Faith schools have long faced an onslaught of attention from secular society. In recent weeks an investigation by The Times has given London’s “inadequate” Orthodox Jewish schools, in particular, their fifteen minutes of infamy.
Certainly, many faith or unregistered schools have genuine deficiencies, and there are plenty of Haredi schools failing to ensure their pupils gain the basic skills mandated by the National Curriculum. Where this is the case, action is justified. However, it is inappropriate for the state to penalise faith schools -Haredi or otherwise – for not parroting mainstream cultural beliefs. In 2021 Talmud Torah Machzikei Hadass boys’ school was rated “inadequate” by Ofsted for not teaching students about same-sex relationships or gender reassignment surgeries. Scores of other faith schools have routinely fallen foul of the same guidelines.
This ebb and flow of hostilities could dramatically ramp up if Labour is victorious at next year’s polls. This is not to suggest the current government’s approach has been palatable, but that the opposition’s current plans to abolish tax relief for independent schools and ramp up equalities legislation could disproportionately take a hit to many faith schools at a time of existing economic malaise and societal hostility.

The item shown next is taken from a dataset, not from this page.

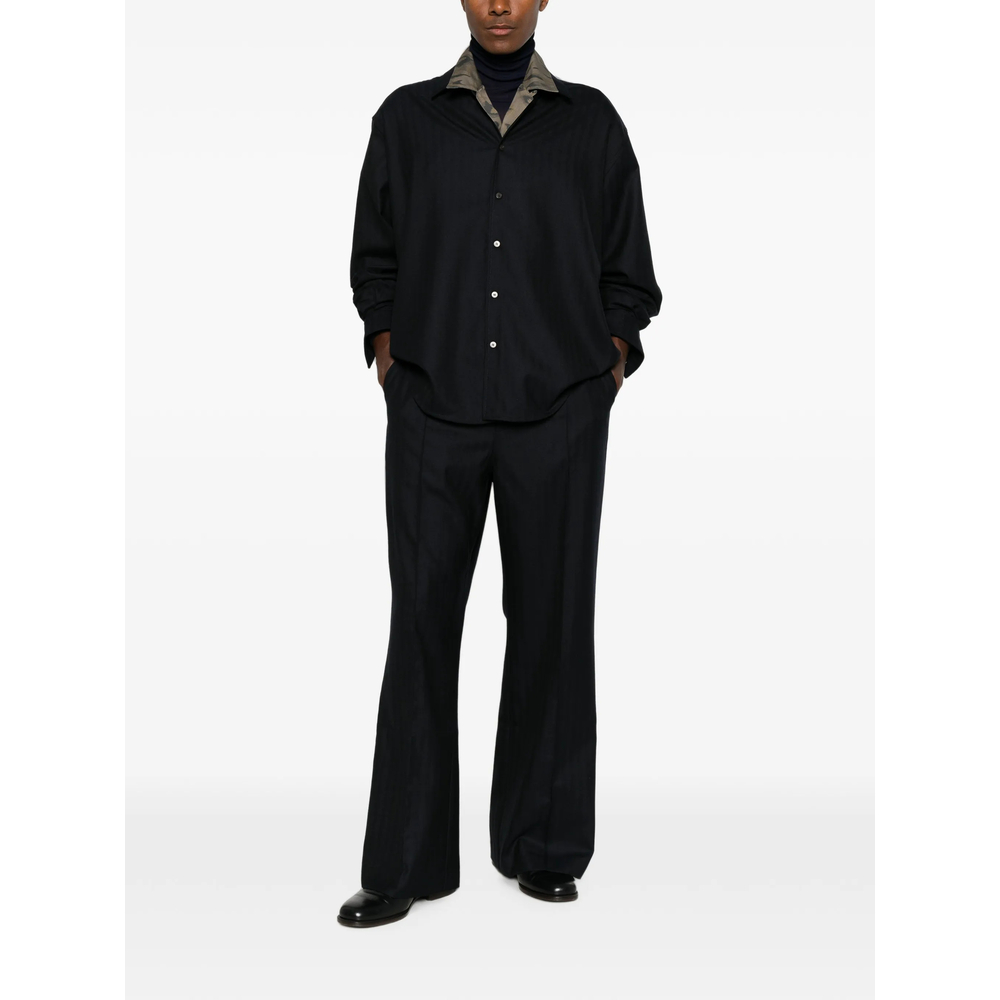 Herringbone-Weave Button-Down Shirt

There is also the possibility that Labour would be keen to clamp down on homeschooling, a move the Conservatives have already attempted.
Where poor teaching and abuse are taking place, of course, there is much room for improvement, as Eli Spitzer, headteacher of Headmaster at Tiferes Shlomo Boys’ School admitted in response to The Times’ lengthy investigation.

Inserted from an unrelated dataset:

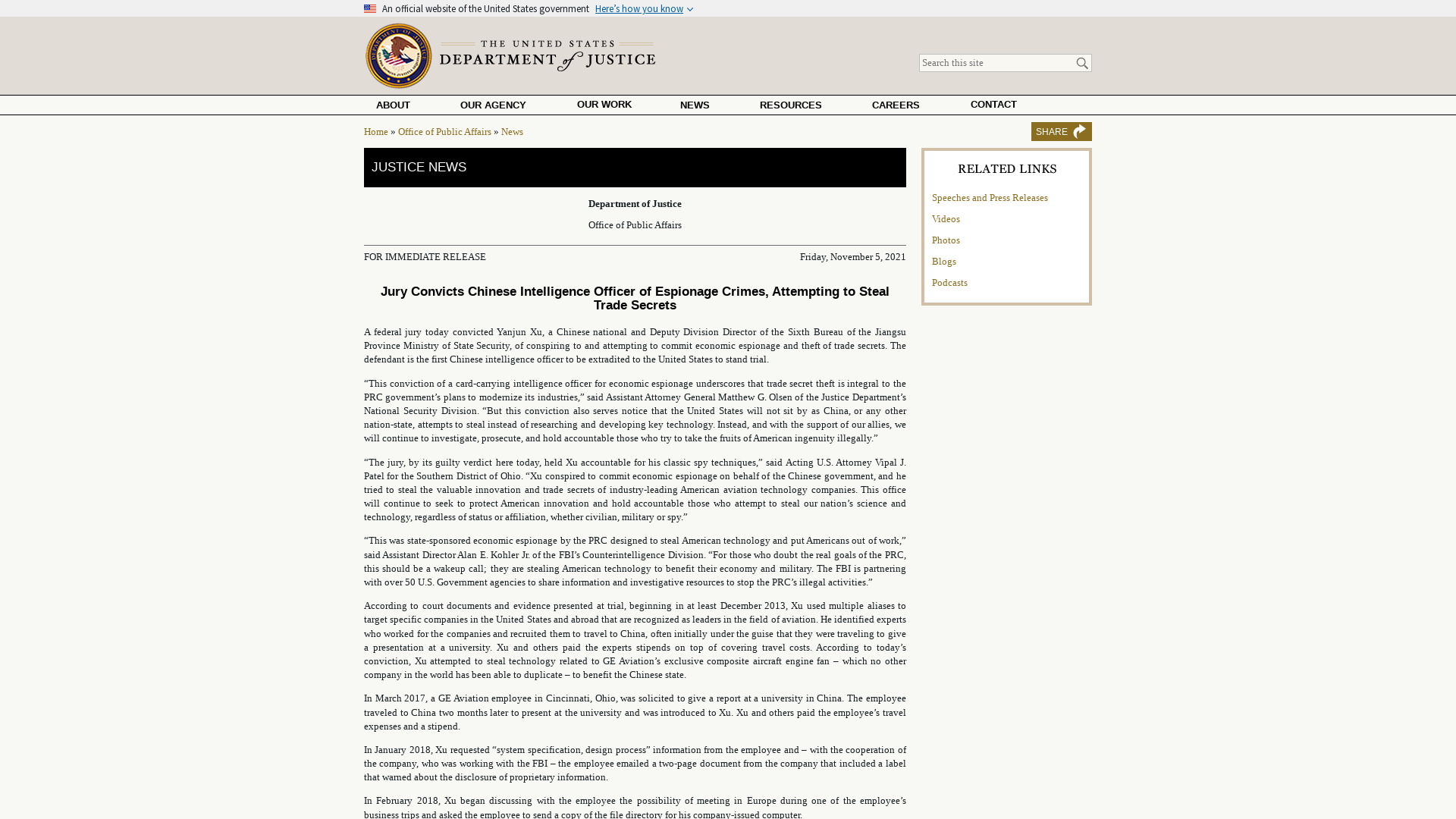 Jury Convicts Chinese Intelligence Officer of Espionage Crimes, Attempting to Steal Trade Secrets | OPA | Department of Justice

However, this does not negate the argument that the state should not be in the business of forcing its moral agenda onto faith groups keen to preserve their own communities and beliefs. No one is forcing parents to send their children to religious schools. In fact, the opposite is usually the case, as the bulging waiting lists for The Oratory School and Yavneh College would suggest.
The political settlement of religious freedoms is constantly shifting, as the recent outlawing of peaceful demonstrations near abortion facilities proves. While there is no existential threat to the existence of faith schools, there are no doubt radical activists keen to consign them (like the grammars and direct-grant schools of days gone by) to the dustbin of history in the name of progress. The opposing case must continue to be made afresh – lest we tiptoe into catastrophe.

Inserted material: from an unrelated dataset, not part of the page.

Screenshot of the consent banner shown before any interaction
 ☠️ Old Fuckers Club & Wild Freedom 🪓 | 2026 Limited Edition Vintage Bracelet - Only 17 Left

Some independent faith schools such as The School of the Islamic Republic of Iran, where pupils were filmed chanting antisemitic songs, have proved themselves an overt national security risk. Others cross the line from discernment into hatred: take the Abu Bakr Trust, which runs three schools and a nursery in the West Midlands and was revealed to have described gay people as “evil” via social media.
Such statements violate both Christianity’s concept of imago dei and Judaism’s tzelem elohim, which categorise all human beings as equal due to each of them being made in the image of God. This is not the same as a school seeking to explain and defend its values. Nor do such incidents characterise religious schooling on the whole.
One might struggle to count on one hand the number of mainstream British schools that can boast of Year-Seven children’s proficiency in four languages, or even their native one. Yet, scores of “backward” Haredi schools manage to give their students grounding in English, Hebrew, Yiddish and Aramaic. Meanwhile, in mainstream British education, a third of pupils are left functionally illiterate.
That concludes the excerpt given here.